Hoy es problema el futuro de la clase media occidental en todos los países occidentales; pero la solución de él no concierne solamente a las reducidas fracciones de la humanidad directamente afectadas; ya que esta clase media occidental es la levadura que en tiempos recientes ha fermentado la masa, y creado, con ello, el mundo moderno. ¿Podría la criatura sobrevivir a su creador? ¿Si la clase media llega desmoronarse, provocará el derrumbamiento de la humanidad con su caída? Cualquiera sea la respuesta a esta grave cuestión, es indudable que lo que constituya una crisis para este sector clave de la sociedad, constituye también una crisis para el resto del mundo.
Siempre demuestra buen temple quien se sobrepone a la derrota, pero la prueba resulta particularmente difícil cuando la adversidad sobreviene de pronto, en medio de un día apacible, que presuntuosamente se creyó eterno.
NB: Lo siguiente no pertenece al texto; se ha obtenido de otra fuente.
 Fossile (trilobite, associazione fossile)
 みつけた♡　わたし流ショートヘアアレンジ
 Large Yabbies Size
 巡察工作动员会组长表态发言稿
En aprietos tales, el que ha de luchar contra el destino sufre la tentación de acudir a espantajos y chivos emisarios que llevan el fardo de su propia insuficiencia. Sin embargo, “echar la carga a otro” en tiempos de adversidad es aún más peligroso que persuadirse de que la prosperidad durará eternamente. En el mundo dividido de 1947, tanto el comunismo como el capitalismo representaron recíprocamente ese papel. Cada vez que las cosas andaban torcidamente, en circunstancias cada vez más indomables, tendían a acusar al enemigo de haber sembrado cizaña en su campo, excusándose así, implícitamente, de las faltas cometidas en su respectiva labranza.
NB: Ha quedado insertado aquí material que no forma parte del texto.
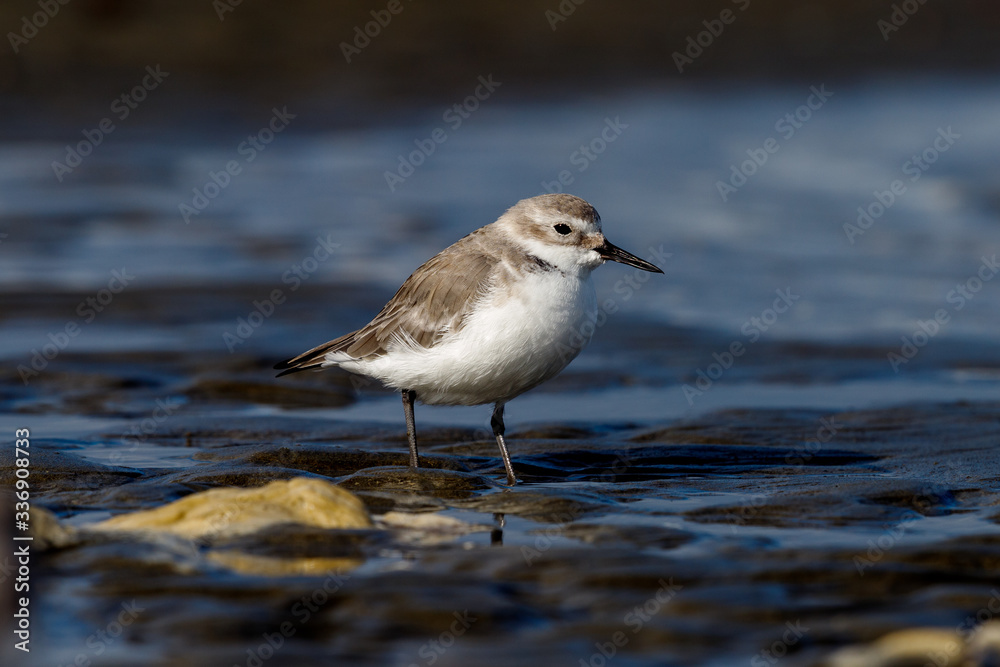 Endemic Wrybill Shorebird in New Zealand Endemic Wrybill Shorebird in New Zealand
El temor de Occidente ante el comunismo no era el temor a una agresión militar, como el que sentía frente a la Alemania nazi, o al Japón en armas. Era a la propaganda y su maquinaria. La propaganda comunista poseía un secreto propio para destacar y agrandar los aspectos más desfavorables de nuestra civilización occidental, y hacer aparecer al comunismo, ante una facción insatisfecha de hombres y mujeres de Occidente, como una alternativa deseable de estilo de vida.
Sin embargo, la circunstancia de que nuestro adversario nos amenace mostrándonos nuestros propios defectos, antes que ocultando por fuerza nuestras virtudes, es una prueba de que en última instancia el desafío que se nos presenta no parte de él sino de nosotros mismos.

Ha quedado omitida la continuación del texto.